Stephan explained that proposition 60 could also be outright dangerous for adult performers.
“It creates privacy issues for performers,” said Ferris. “If a viewer doesn’t see a condom on screen, technically they could file a claim, forcing a lawsuit through litigation”. According to Ferris, under the proposed legislation, any member of the public could sue a performer and obtain personal information including names or performers. Considering this is an industry, which attracts the attention of anti LGBT activist groups, religious zealots and stalkers, this presents a huge risk for performers.
“The AIDS Healthcare Foundation is regulating harsh foundations to make the production of adult videos impractical,” Ferris said. “In essence, they are regulating the industry out of existence. It may seem trivial to be so concerned about an industry that is looked down upon; however, this proposition is an attack on both the models choice and the expression of society on pre-exposure.”

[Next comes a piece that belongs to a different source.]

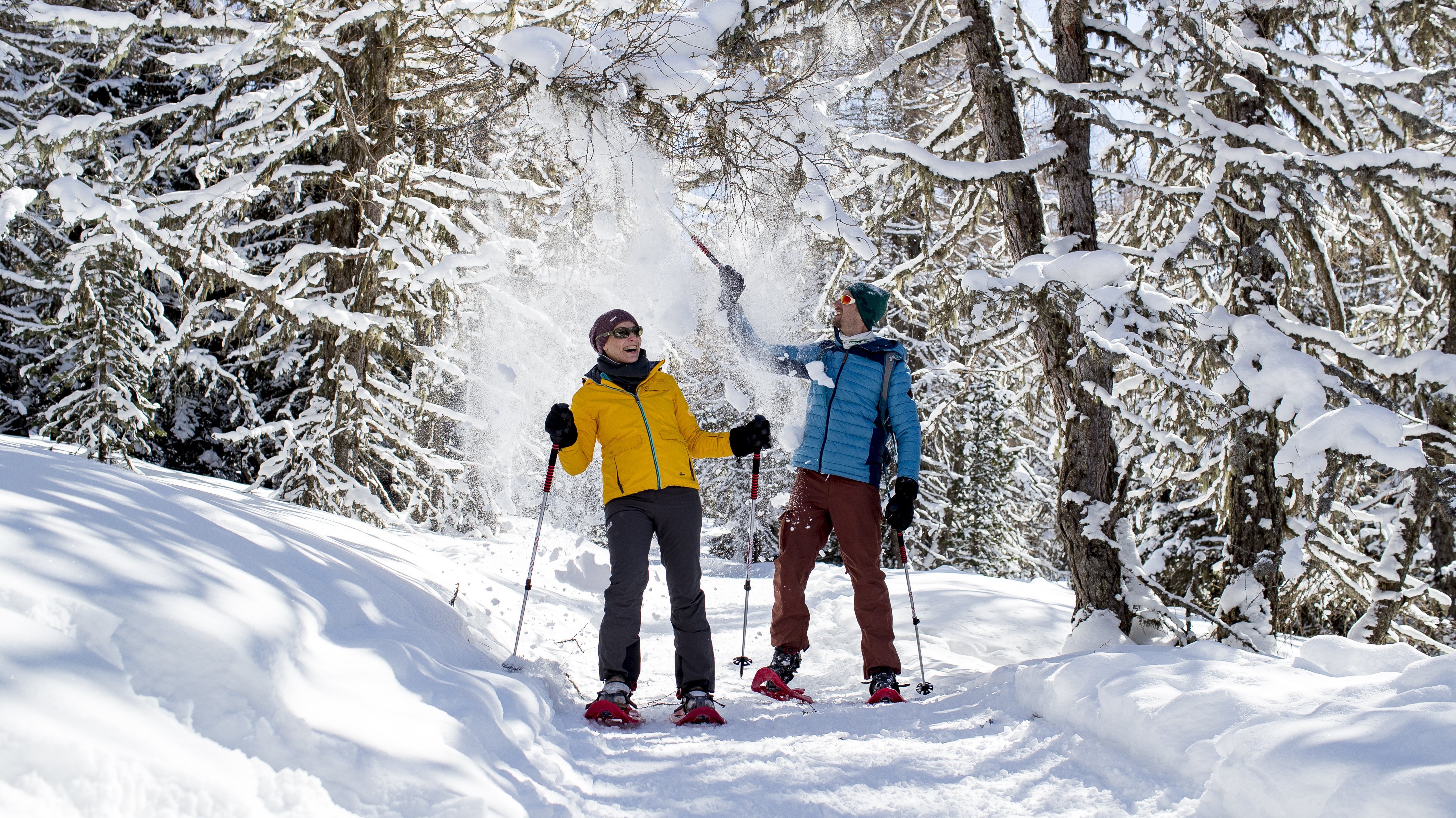 Schneeschuhabenteuer am Zirbitzkogel Zwei Personen beim Schneeschuhwandern in einem verschneiten Wald, Schnee wird in die Luft geworfen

Basically the new law could go as far as requiring studio’s to have all models be completely protected, including the use of condoms, dental dams, and even goggles.

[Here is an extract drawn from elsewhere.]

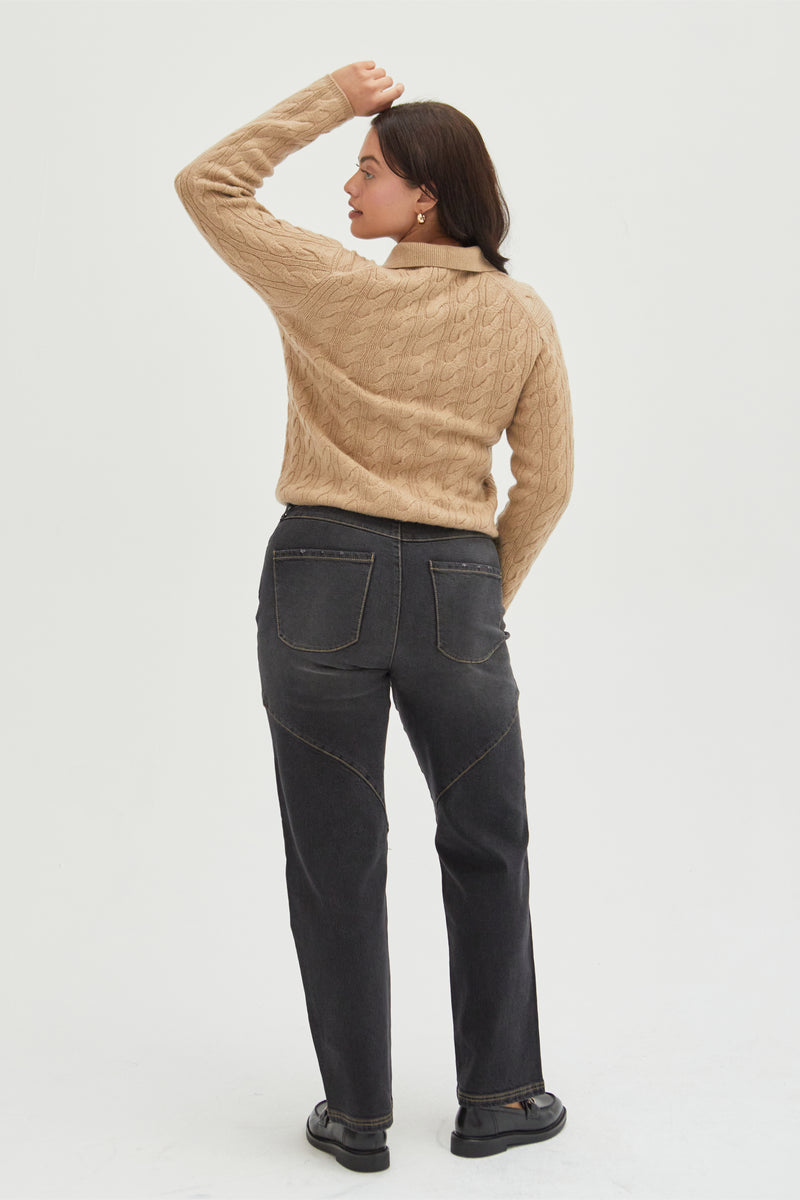 Back view of a plus-size model in dark-wash high-rise straight leg jeans, showcasing the structured fit and sustainable denim craftsmanship.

This would confirm the point initially made that there is an inherent danger in allowing laws to be made through emotion rather than a core understanding of an industry. While this may seem irrelevant to those not involved in the industry this is an issue faced by many groups and individuals working across many industries. It is vitally important that regulations and laws come out of a deeper understanding of issues in order that they be properly dealt with in an effective manner rather than wasting resources and attention on ineffective strategies.
“As a performer, I would recommend reaching out to the Free Speech Coalition to organize your voices and protect your rights,” said Stephan in his final thoughts for those who want to speak up or whom Prop 60 could impact.